### Task goal
Using the data below, restate exactly every line from the one with "601 S 40th St, Lincoln, NE 68510" up to and including the one with "決済・解錠可能なスマートリン". No picture belongs in it.

### Extracted material
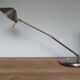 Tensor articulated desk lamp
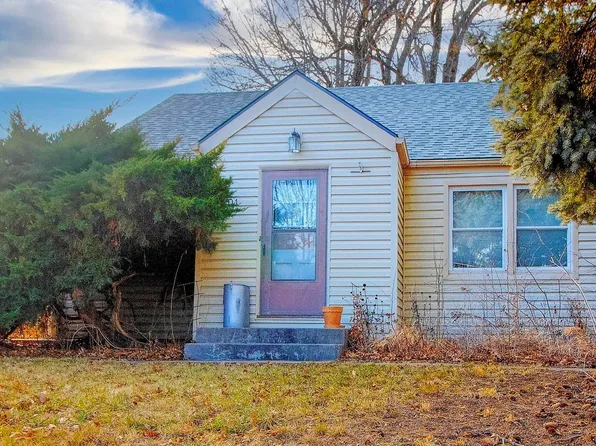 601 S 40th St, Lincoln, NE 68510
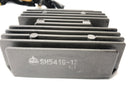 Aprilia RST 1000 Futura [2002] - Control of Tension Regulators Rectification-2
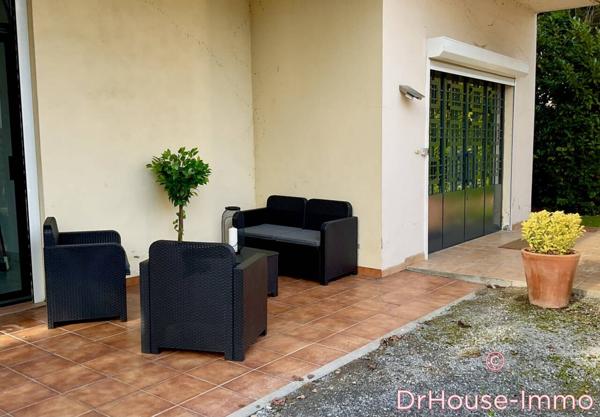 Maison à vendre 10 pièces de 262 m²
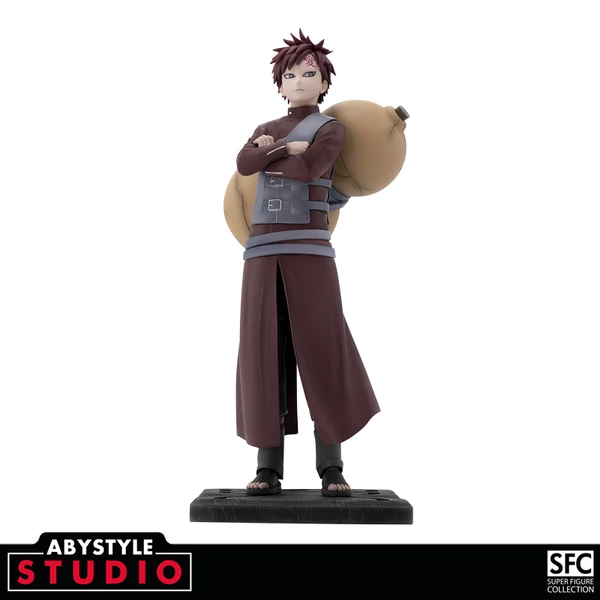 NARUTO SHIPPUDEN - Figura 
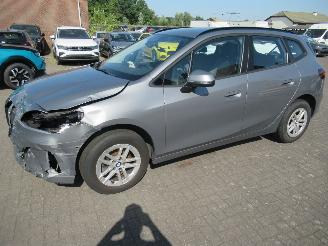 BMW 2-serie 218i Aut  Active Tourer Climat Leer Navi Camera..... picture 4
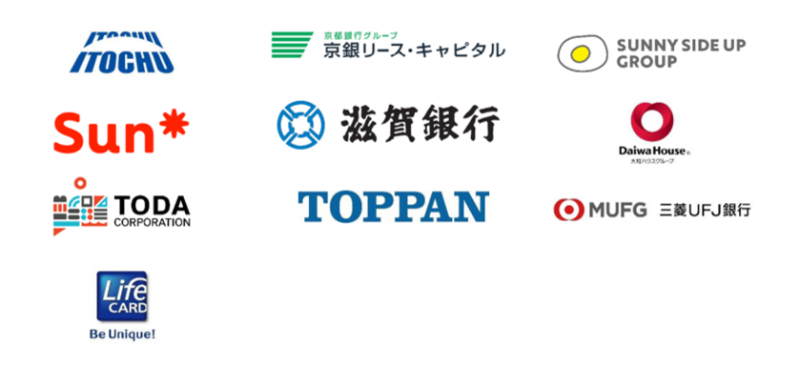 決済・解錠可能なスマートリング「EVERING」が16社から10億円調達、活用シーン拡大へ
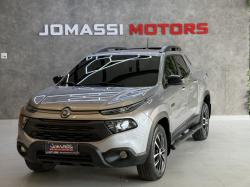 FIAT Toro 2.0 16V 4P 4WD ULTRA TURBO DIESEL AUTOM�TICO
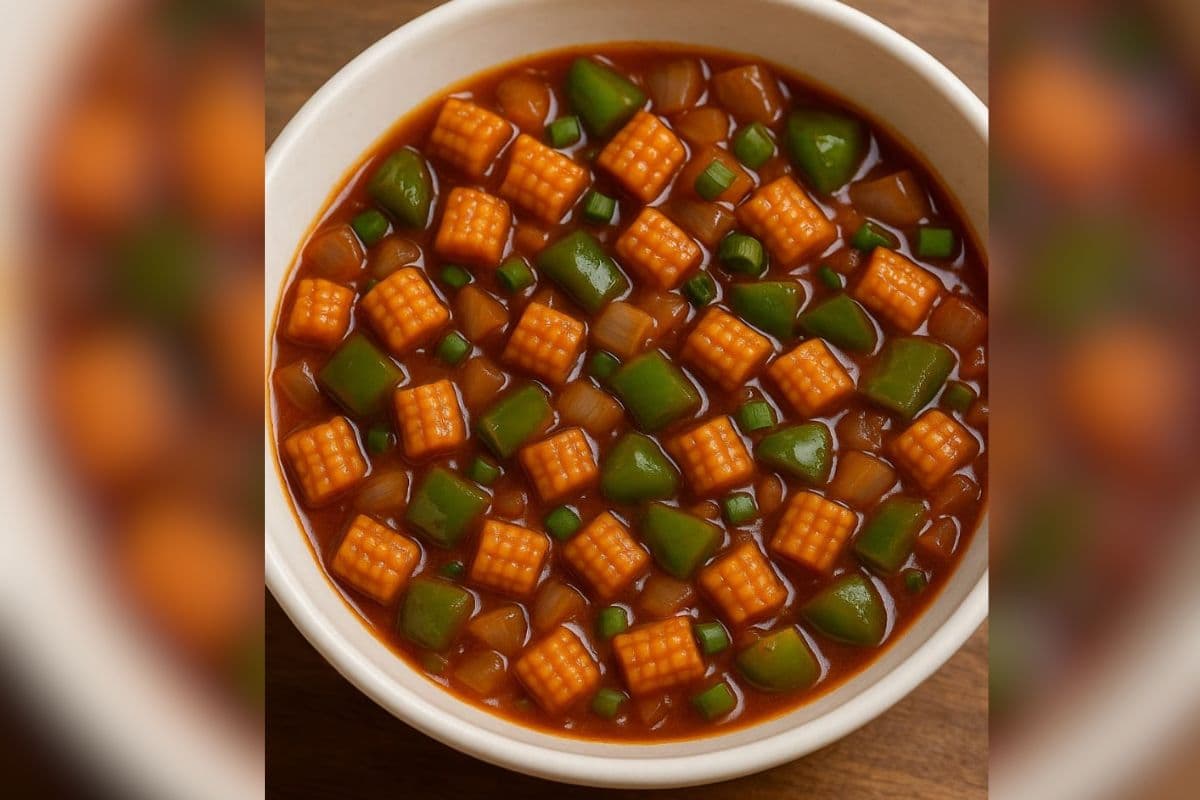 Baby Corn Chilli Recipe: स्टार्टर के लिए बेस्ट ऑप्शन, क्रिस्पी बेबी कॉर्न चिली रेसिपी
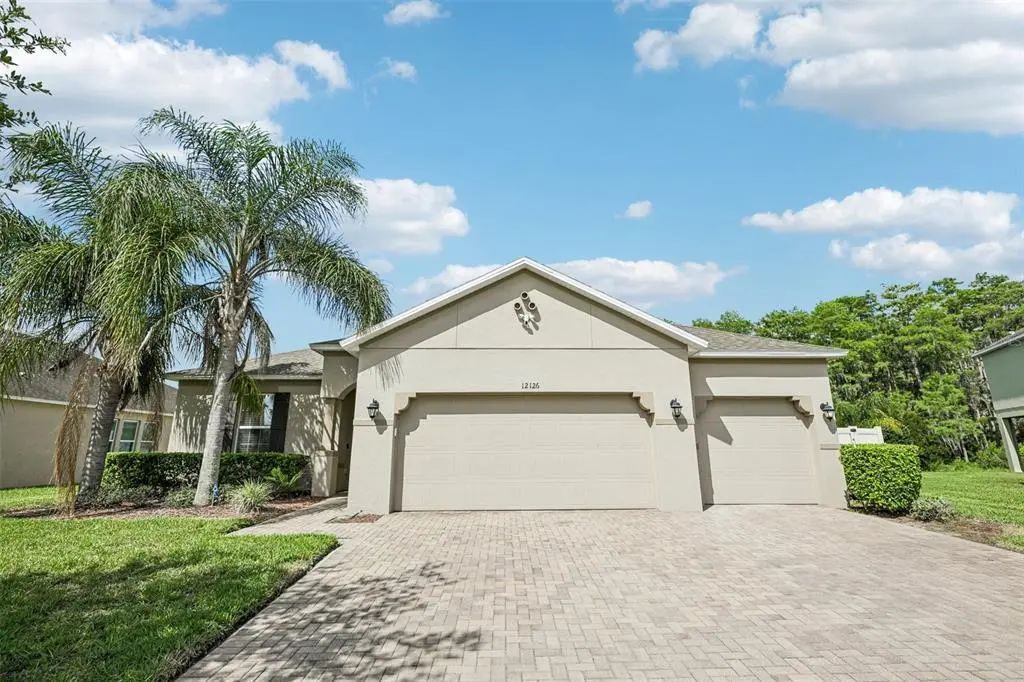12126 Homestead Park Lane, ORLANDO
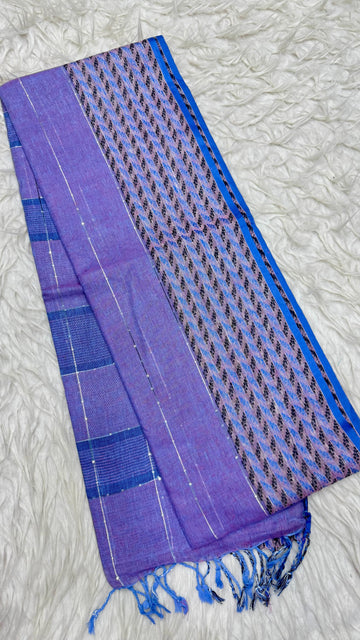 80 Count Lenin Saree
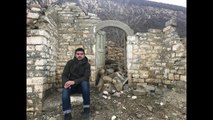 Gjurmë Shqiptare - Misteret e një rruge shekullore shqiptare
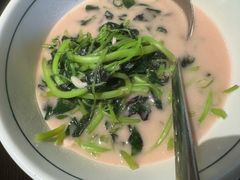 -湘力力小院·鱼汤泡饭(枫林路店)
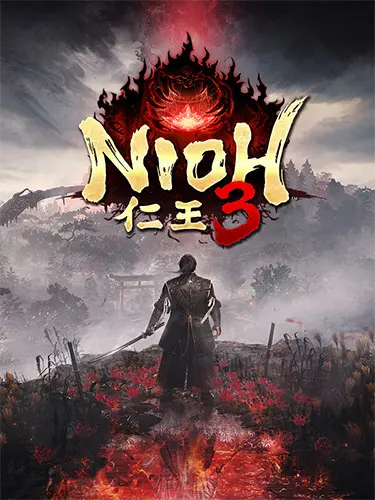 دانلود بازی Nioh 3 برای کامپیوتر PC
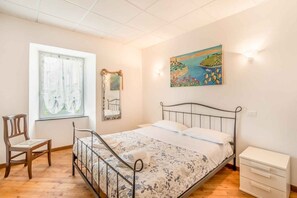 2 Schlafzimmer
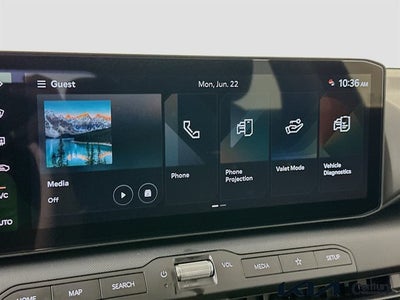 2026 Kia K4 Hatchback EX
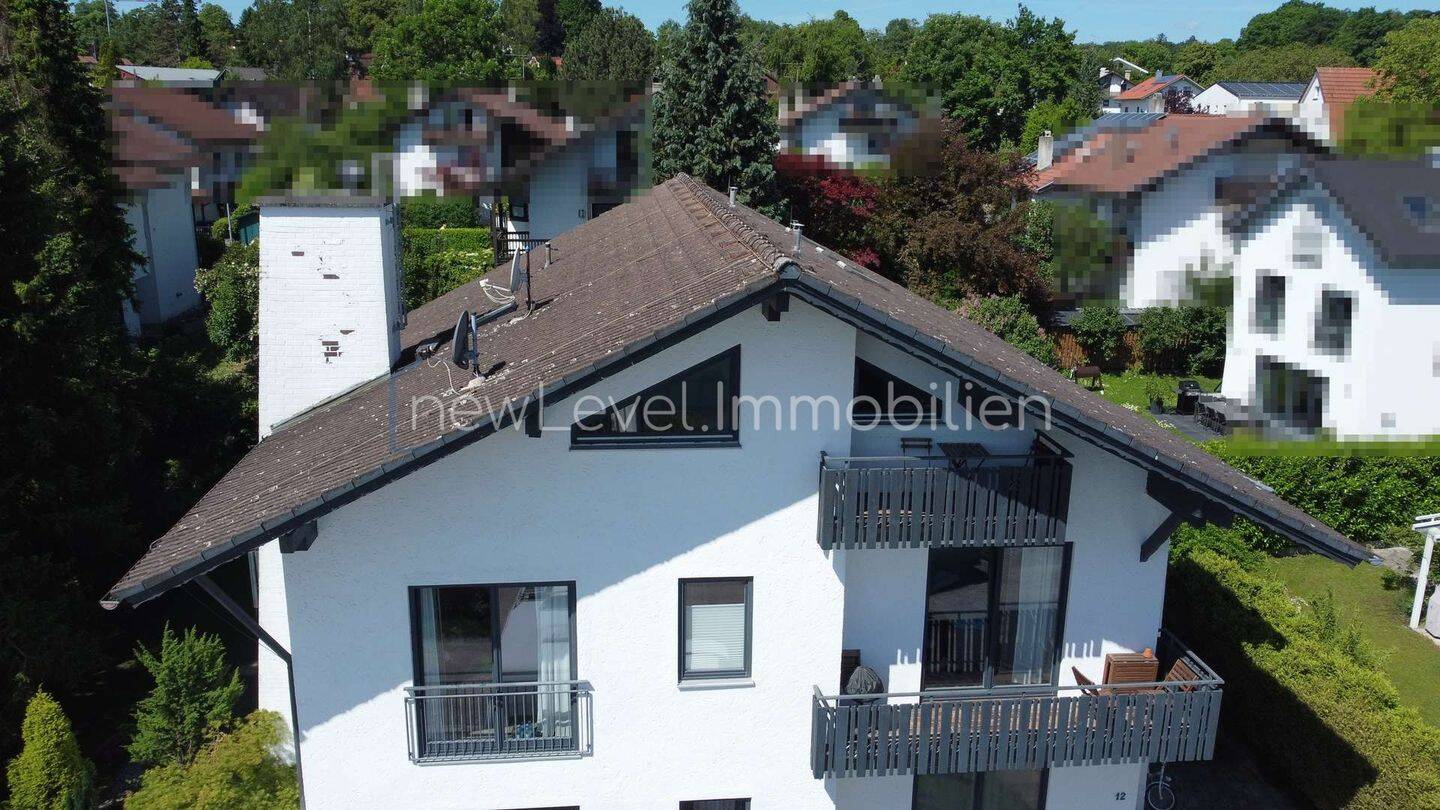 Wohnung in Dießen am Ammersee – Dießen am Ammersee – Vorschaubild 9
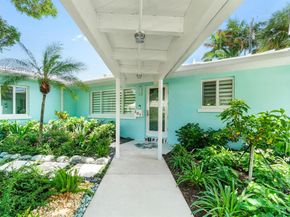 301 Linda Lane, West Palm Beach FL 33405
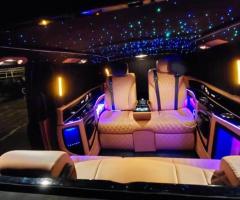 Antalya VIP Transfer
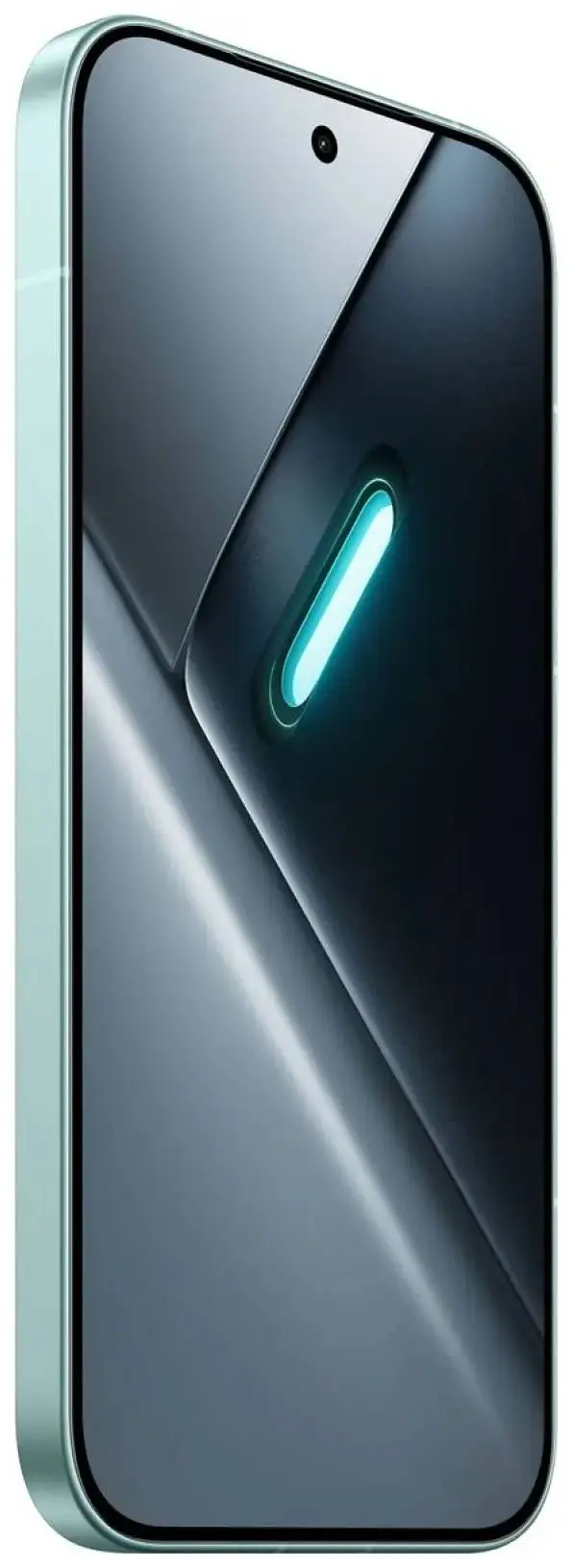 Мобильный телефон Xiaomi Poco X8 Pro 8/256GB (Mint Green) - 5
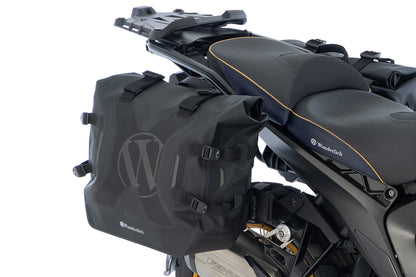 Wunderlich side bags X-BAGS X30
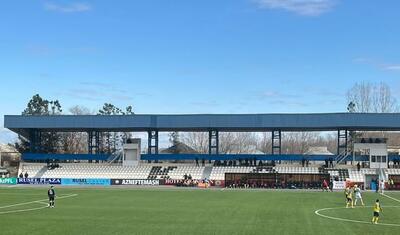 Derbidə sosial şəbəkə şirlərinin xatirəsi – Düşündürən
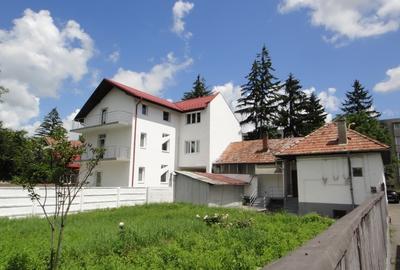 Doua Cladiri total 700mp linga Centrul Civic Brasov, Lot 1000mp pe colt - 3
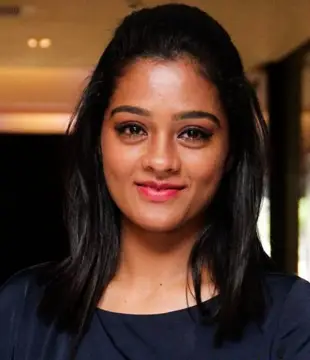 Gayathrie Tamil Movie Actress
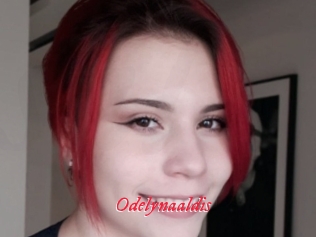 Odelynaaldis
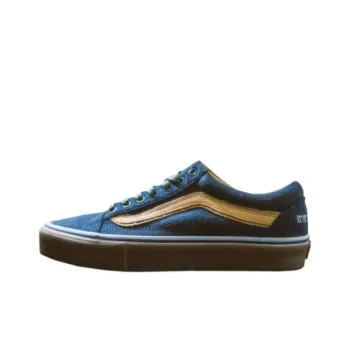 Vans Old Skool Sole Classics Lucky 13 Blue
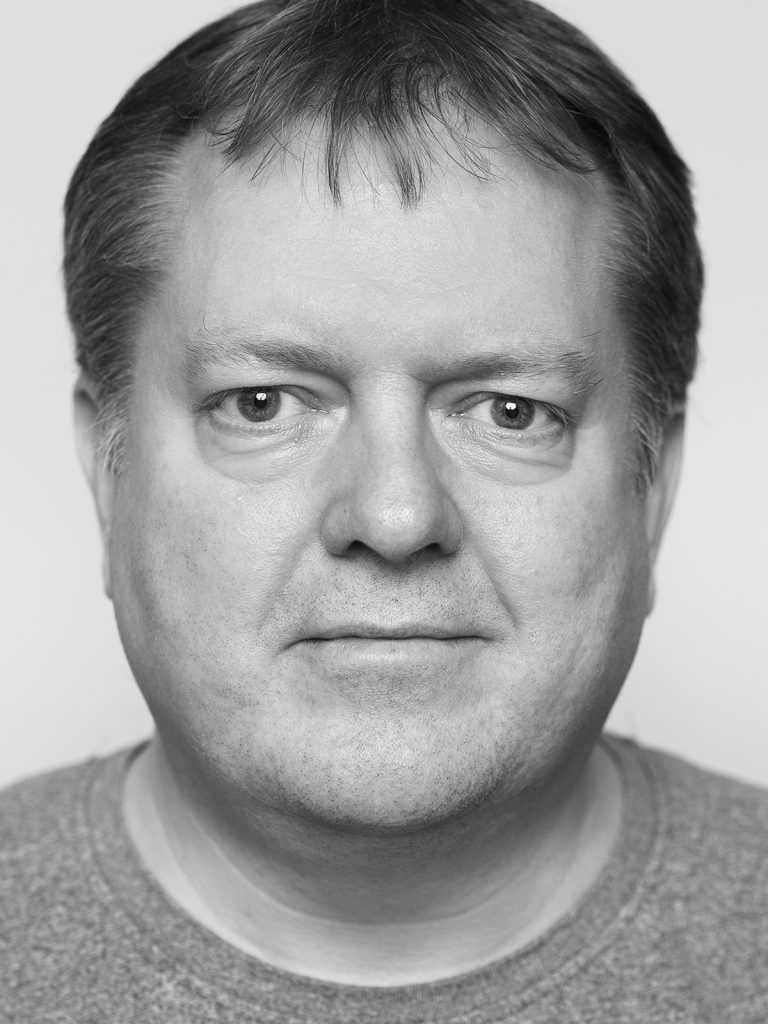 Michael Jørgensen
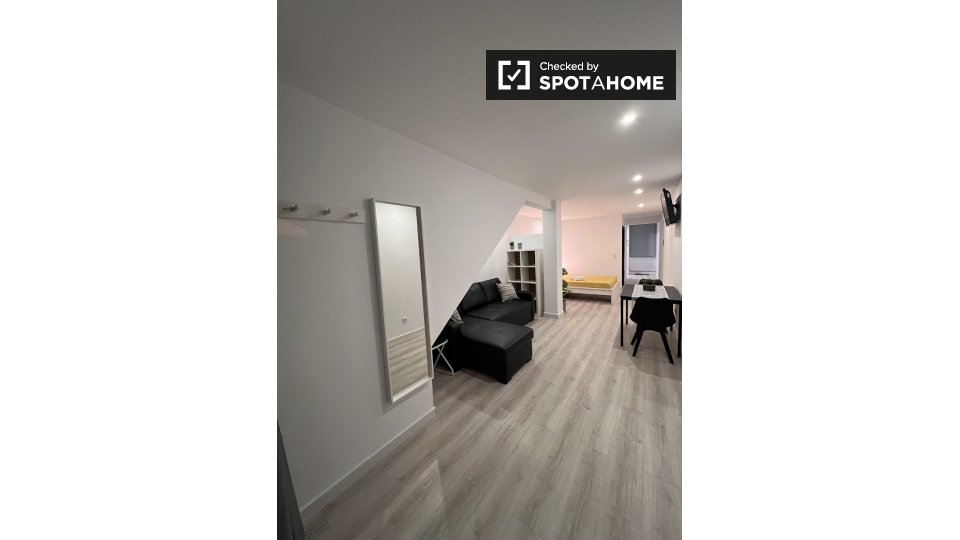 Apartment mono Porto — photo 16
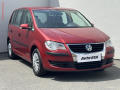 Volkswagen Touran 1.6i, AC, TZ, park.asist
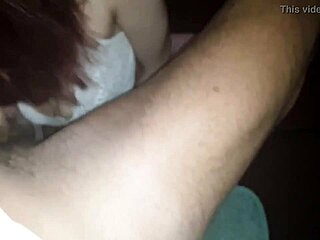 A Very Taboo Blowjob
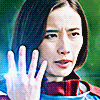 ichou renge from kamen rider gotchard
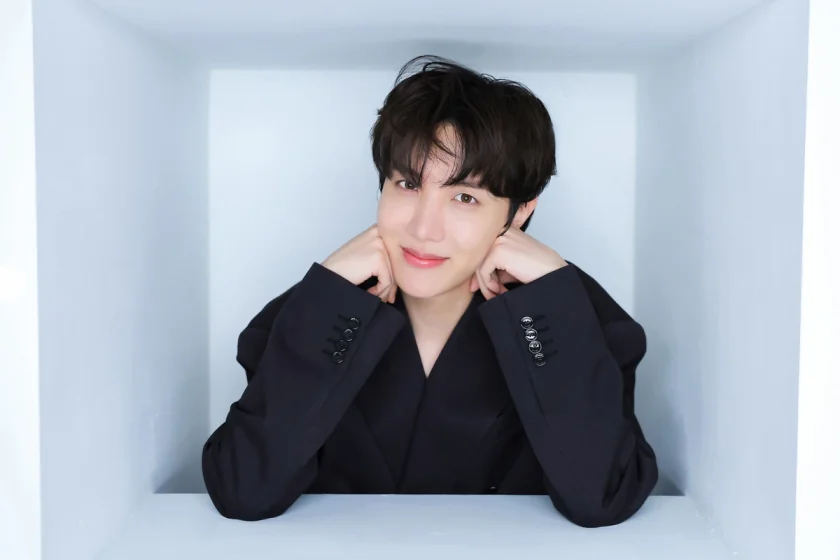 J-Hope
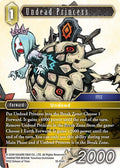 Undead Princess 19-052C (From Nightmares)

### Answer to this problem
 601 S 40th St, Lincoln, NE 68510
 Aprilia RST 1000 Futura [2002] - Control of Tension Regulators Rectification-2
 Maison à vendre 10 pièces de 262 m²
 NARUTO SHIPPUDEN - Figura 
 BMW 2-serie 218i Aut  Active Tourer Climat Leer Navi Camera..... picture 4
 決済・解錠可能なスマートリング「EVERING」が16社から10億円調達、活用シーン拡大へ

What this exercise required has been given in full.